Similar to the plotly plot, we first grouped the Success Rate and Budget, this time by Year instead of Country

YearBudget<-SpaceExploration%>%
  group_by(Year) %>%
  summarize(YearBudgetMean = mean(`Budget (in Billion $)`))%>%
  ungroup()

YearSuccess<-SpaceExploration%>%
  group_by(Year) %>%
  summarize(YearSuccessMean = mean(`Success Rate (%)`))%>%
  ungroup()

Plot of Mean Budget v Mean Success, by Year

Adding Regression Line

Budget V Success by Year Discussion

This first scatter plot is actually not very helpful.

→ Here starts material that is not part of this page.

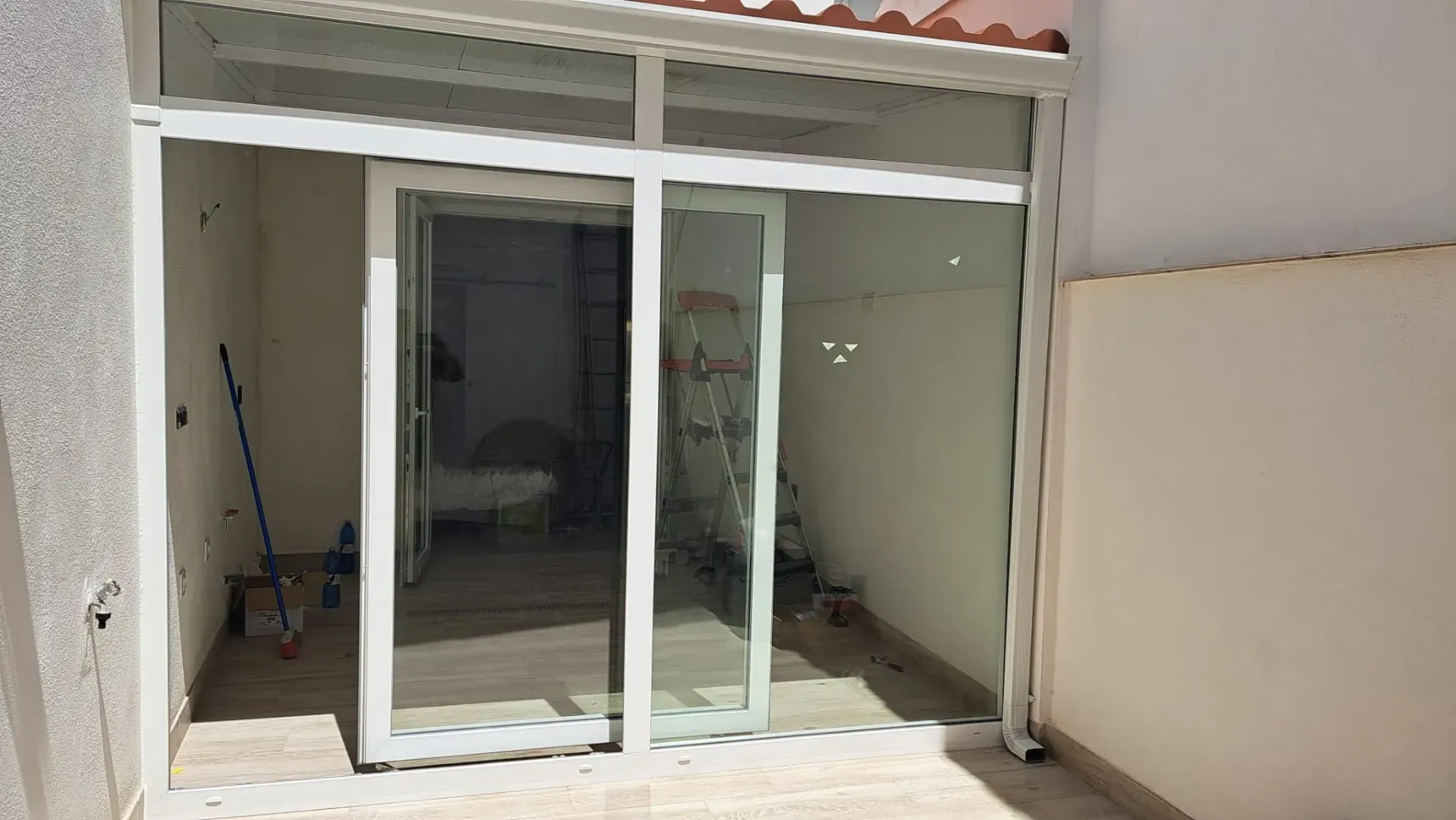 Hay una puerta corrediza de vidrio en el patio trasero de una casa.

The years are seemingly all over the place with budget and success rate. It is hard to see what the trend may be. When you add the regression line in the second plot, it seems the general trend is that the budgets are getting higher, and the success rates are going down. However, roughly half of the data appears to fall outside of the confidence interval.

\[ \begin{align*} \text{Model: Mean Success} = \beta_0 + \beta_1 \cdot \text{Mean Budget} + \epsilon \\ \text{Fitted: Mean Success} = \hat{\beta}_0 + \hat{\beta}_1 \cdot \text{Mean Budget} \\ \text{estimate of } \beta_0 = 84.329 \\ \text{estimate of } \beta_1 = -0.3677 \\ \end{align*} \]

Final Discussion

Comparing means can be a helpful way to see trends in data. As we saw, sometimes there can be outliers that skew the data. It is important to look for these before coming to a conclusion. Finding the reason for the outliers could be important, as well, before making any conclusions.

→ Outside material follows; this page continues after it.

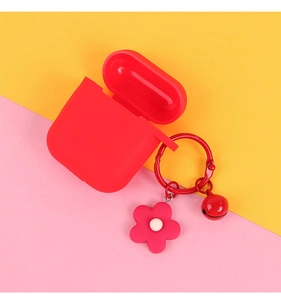Detail of red silicone earphone case with flower charm and bell on vibrant background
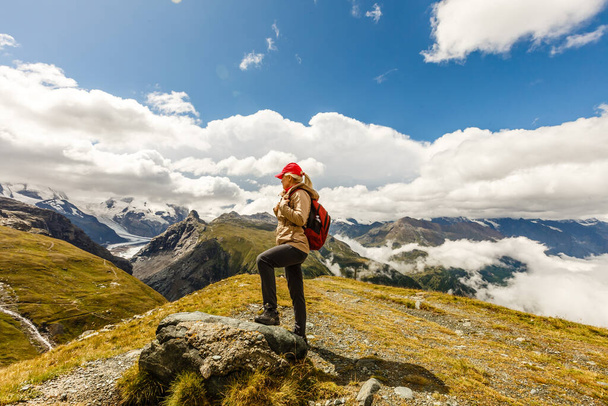 Zadní pohled na ženu s batohem při pohledu na pohled Žena turistka relaxační na vrcholu hory. - Fotografie, Obrázek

Additionally, we saw that sometimes it can seem rather unhelpful, with the scatter plot of the data looking like it is all over the place. By adding a regression line we can see what the trends are that the data suggest, even when the scatter plot doesn’t seem to tell us anything. When so much of the data lies outside of the confidence interval, it might be wise to be cautious about making any predictions with the data.